Thursday, September 24, 2009

What's Eating You?

Well, we counted our eggplants before they hatched. A few days ago, I went to look at the two beautiful little purple orbs and found that one of them had been gnawed to the nub by some sloppy creature who left shreds of its lunch in the dirt below. Aside from losing the fruit of our labors, I was a little discomfited by the thought of something big enough to chow down a small eggplant in one meal hanging out on the balcony next to our bedroom.

Well, I'll show it, I thought. One of the groundskeepers at Claremont told me that a good non-toxic way to protect fruits and vegetables from pests was to spray them with a solution of water and dishwashing liquid. He explained that they don't like the taste so they leave them alone and all you have to do is wash the soap off before you eat it. I tried that. Our creature went ahead and ate the other eggplant in the same manner. Apparently, he or she thought we had a special on the menu that day and were serving it a la parmigiana. Okay, I don't know much about gardening and I'm stumped. But we've got two more incipient eggplants and I'd really like to protect them. Any ideas out there?

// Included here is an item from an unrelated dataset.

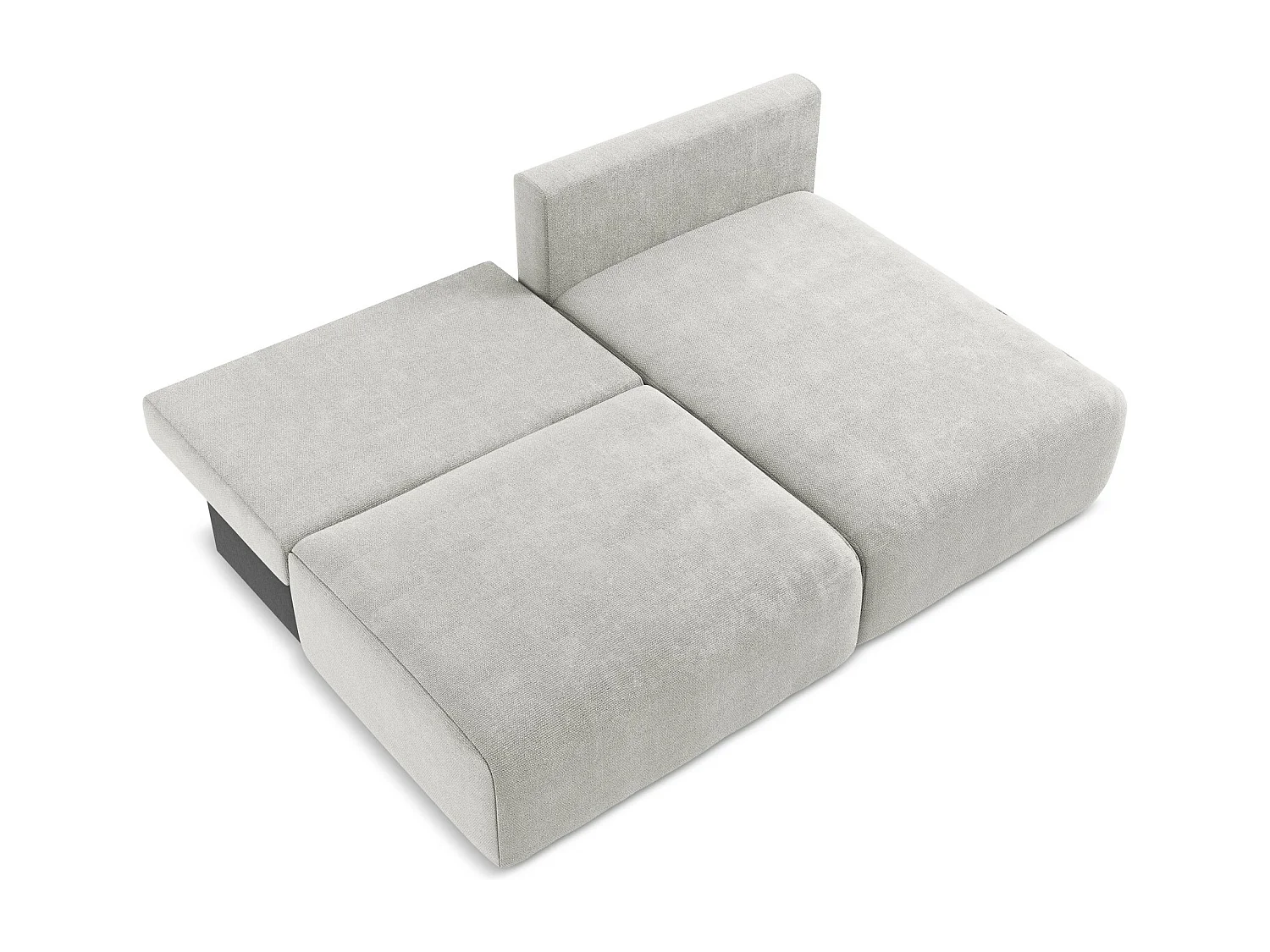 Ecksofa ohne Armlehne mit Schlaffunktion Rechts - Rechts - Chenille - Hellgrau - KONA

Monday, September 21, 2009

I'm Worried

What if Dr. Gregory House, after his discharge from a New Jersey psychiatric facility, returns to work just a nice, brilliant doctor?
Someone needs to tell him that sanity is not all it is cracked up to be.
Oh, wait a minute.
He isn't real.
Never mind.
Still, sanity is not all it is cracked up to be.
If it were, the people who claim to be sane would be a lot happier.
And so I worry about Dr. House. If he's sane will he still be able to enjoy misery?
Stay tuned.
I know I will.

Sunday, September 20, 2009

Bathroom Graffiti

I like reading the graffiti in public bathrooms. I get a sense of the cosmic yearnings and the petty jealousies of a neighborhood.
Yesterday I found myself in a bathroom in a convenience store/gasoline station somewhere along Interstate 15 south of Ontario and north of Escondido.
Written on the walls were the usual I loves and I hates. And then there was this: Never stop believing.
Never stop believing.
Having no idea the intentions of the author of that particular graffiti, I chose my own meaning. Taking that meaning to heart, I will try to never stop believing in miracles and in my own ability to create those miracles.
Words can change lives. Even words written on the bathroom walls of roadside convenience markets.
Here's to hope.

Friday, September 18, 2009

Awake Ye Sleepers







At this mandated time of renewal rejoice in life's possibilities.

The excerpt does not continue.